[Opening The input section]
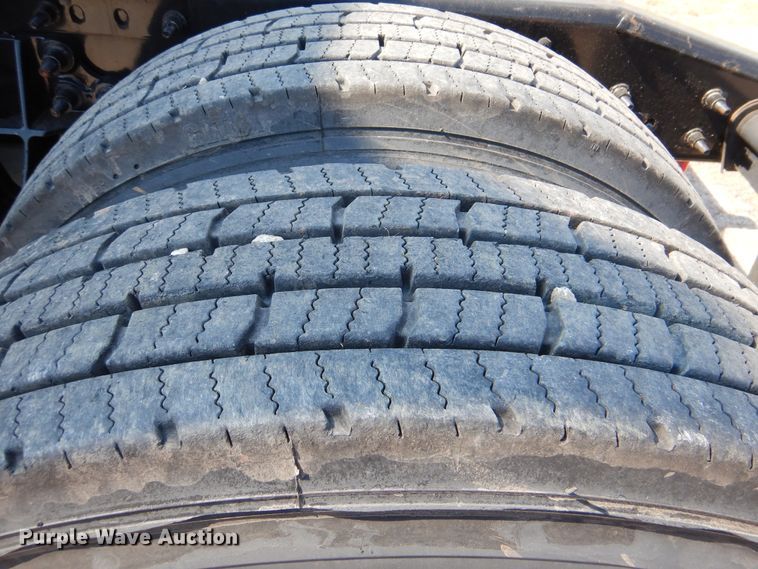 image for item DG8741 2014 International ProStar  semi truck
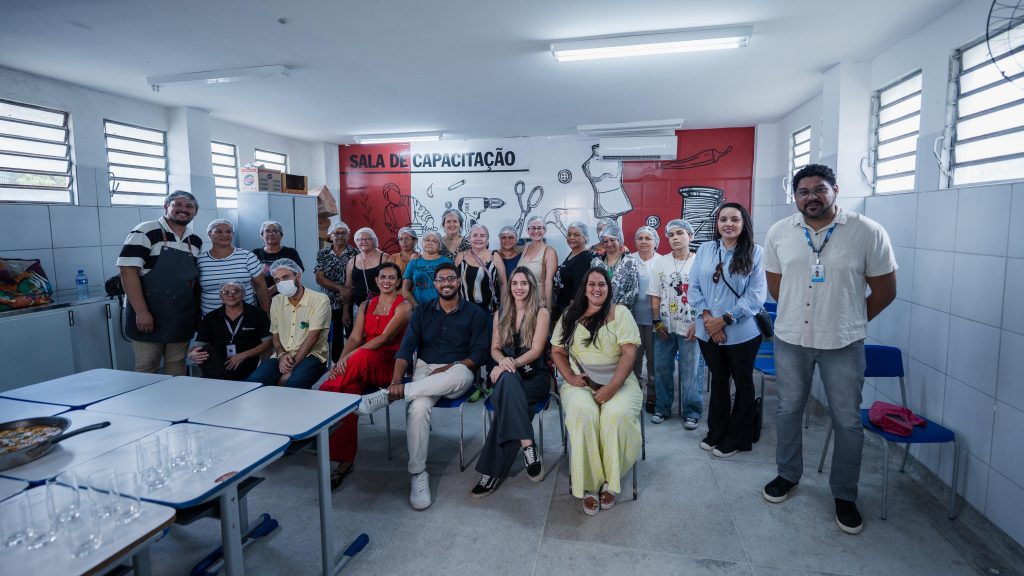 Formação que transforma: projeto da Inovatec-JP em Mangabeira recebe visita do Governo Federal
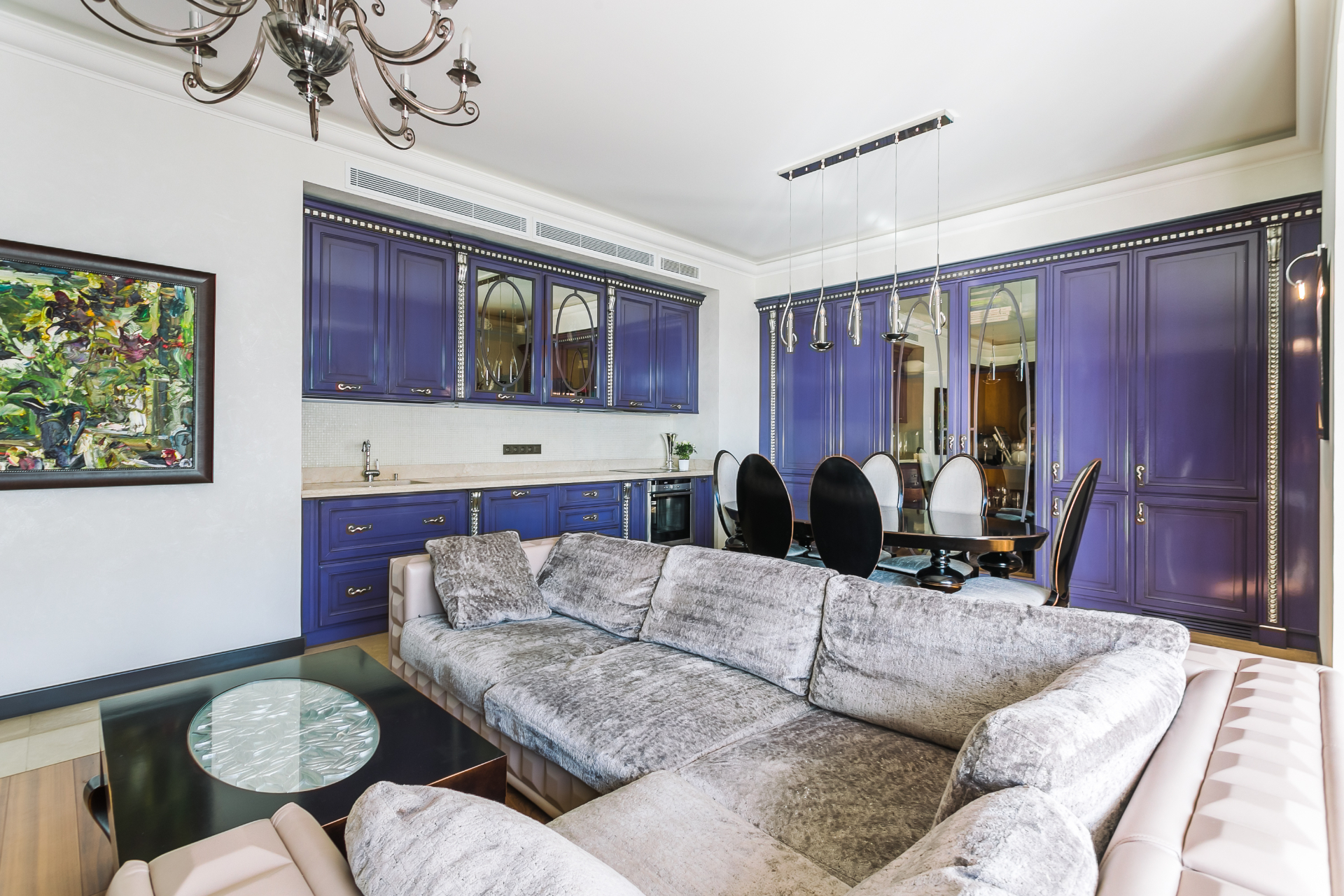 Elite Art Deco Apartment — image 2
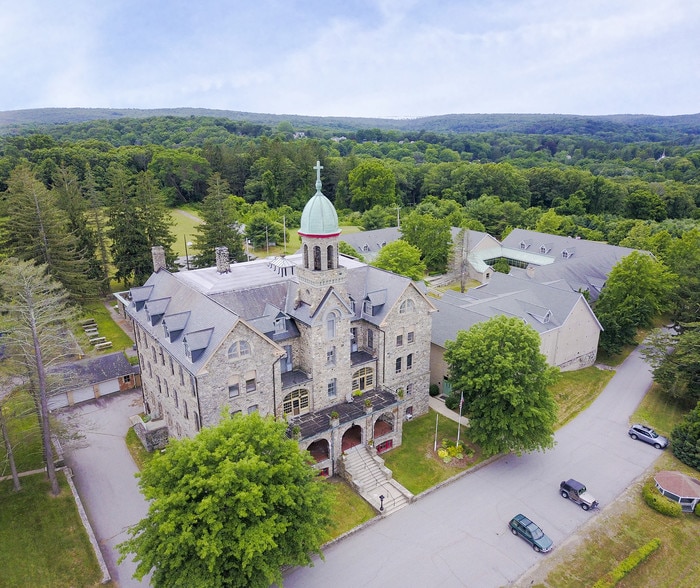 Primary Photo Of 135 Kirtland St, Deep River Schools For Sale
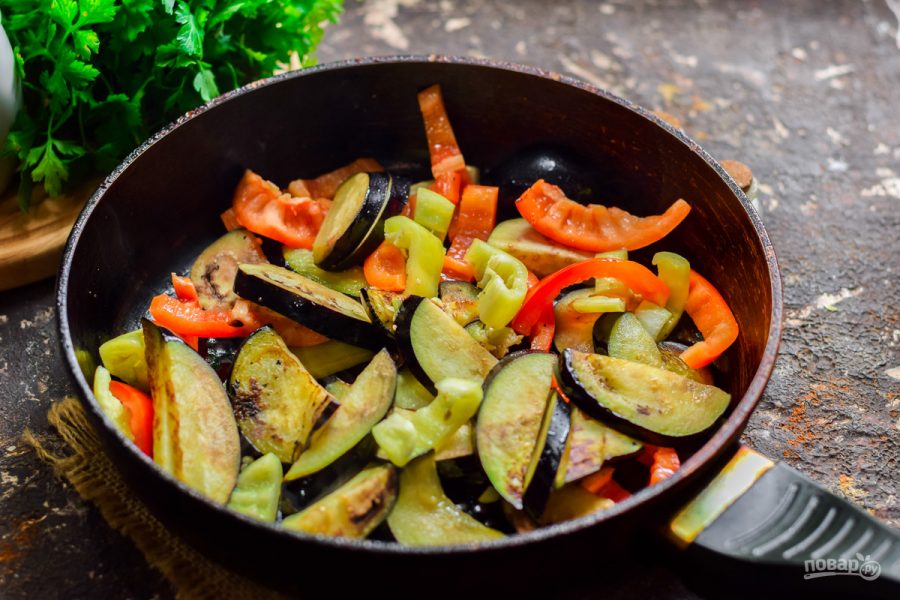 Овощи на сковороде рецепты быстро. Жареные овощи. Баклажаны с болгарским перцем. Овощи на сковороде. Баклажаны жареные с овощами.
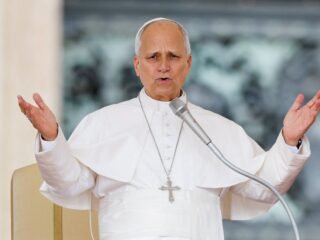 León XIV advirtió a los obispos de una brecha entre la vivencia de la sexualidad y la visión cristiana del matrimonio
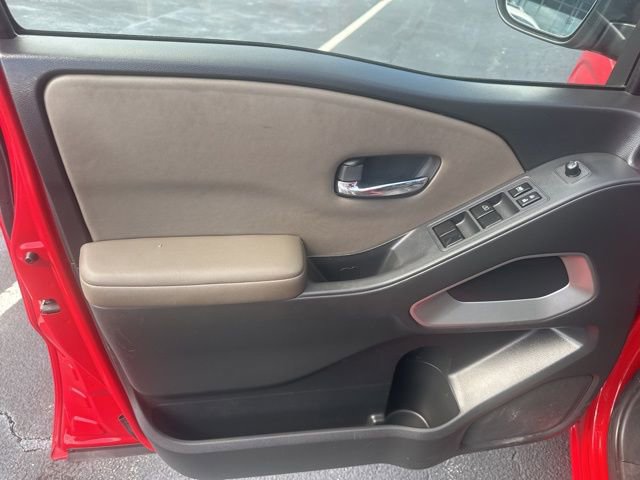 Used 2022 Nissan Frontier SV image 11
[Closing The input section]
--- Your objective ---
The records above need to be copied exactly, though not their pictures.

--- Answer to the problem ---
 image for item DG8741 2014 International ProStar  semi truck
 Formação que transforma: projeto da Inovatec-JP em Mangabeira recebe visita do Governo Federal
 Elite Art Deco Apartment — image 2
 Primary Photo Of 135 Kirtland St, Deep River Schools For Sale
 Овощи на сковороде рецепты быстро. Жареные овощи. Баклажаны с болгарским перцем. Овощи на сковороде. Баклажаны жареные с овощами.
 León XIV advirtió a los obispos de una brecha entre la vivencia de la sexualidad y la visión cristiana del matrimonio
 Used 2022 Nissan Frontier SV image 11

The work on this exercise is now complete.